# [SOLVED] sshfs problem with stalled transfers

## Small_Penguin

Hi,

Maybe someone has experienced a similar issue: I mount a network resource via sshfs and start copying a bigger file. If it reaches about 30-40MiB, transfer stalls and connection is lost. There is a single workaround, using the option max_read=32767. If I add this when mounting, connection is not lost anymore, but of course the speed is not as high as it could be. If I use higher values like 65535, the problem is reproducible again. Using scp, the problem does not arise, so I suspect this only has to do with sshfs or fuse-2.9.2, not with ssh itself.

Any ideas what could be wrong?Last edited by Small_Penguin on Wed Jul 03, 2013 8:15 am; edited 1 time in total

----------

## Small_Penguin

Ok, I found a solution.
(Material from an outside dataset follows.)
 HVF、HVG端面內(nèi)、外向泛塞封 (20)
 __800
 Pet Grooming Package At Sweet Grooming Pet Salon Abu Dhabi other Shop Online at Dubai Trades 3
It is deactivating the buflimit workaround with -o workaround=nobuflimit.

----------

## Small_Penguin

I stand corrected. This is not a problem with fuse nor sshfs, and the options I mentioned do not help at all. The problem here seems to be that I try doing this using a reverse tunnel because of a firewall, which seems to prohibit the sustained transfers somehow. Unfortunately, ServerAlive* options do not help for some reason. On the machine that establishes the reverse tunnel ssh simply states "Timeout, server not responding. Lost connection with remote". A transfer from that host to the remote machine works fine. Strange that there are no problems with a simple terminal session.

Edit: And again I was wrong because the ServerAlive options do help; I simply made a mistake and added them to the wrong host entry.

----------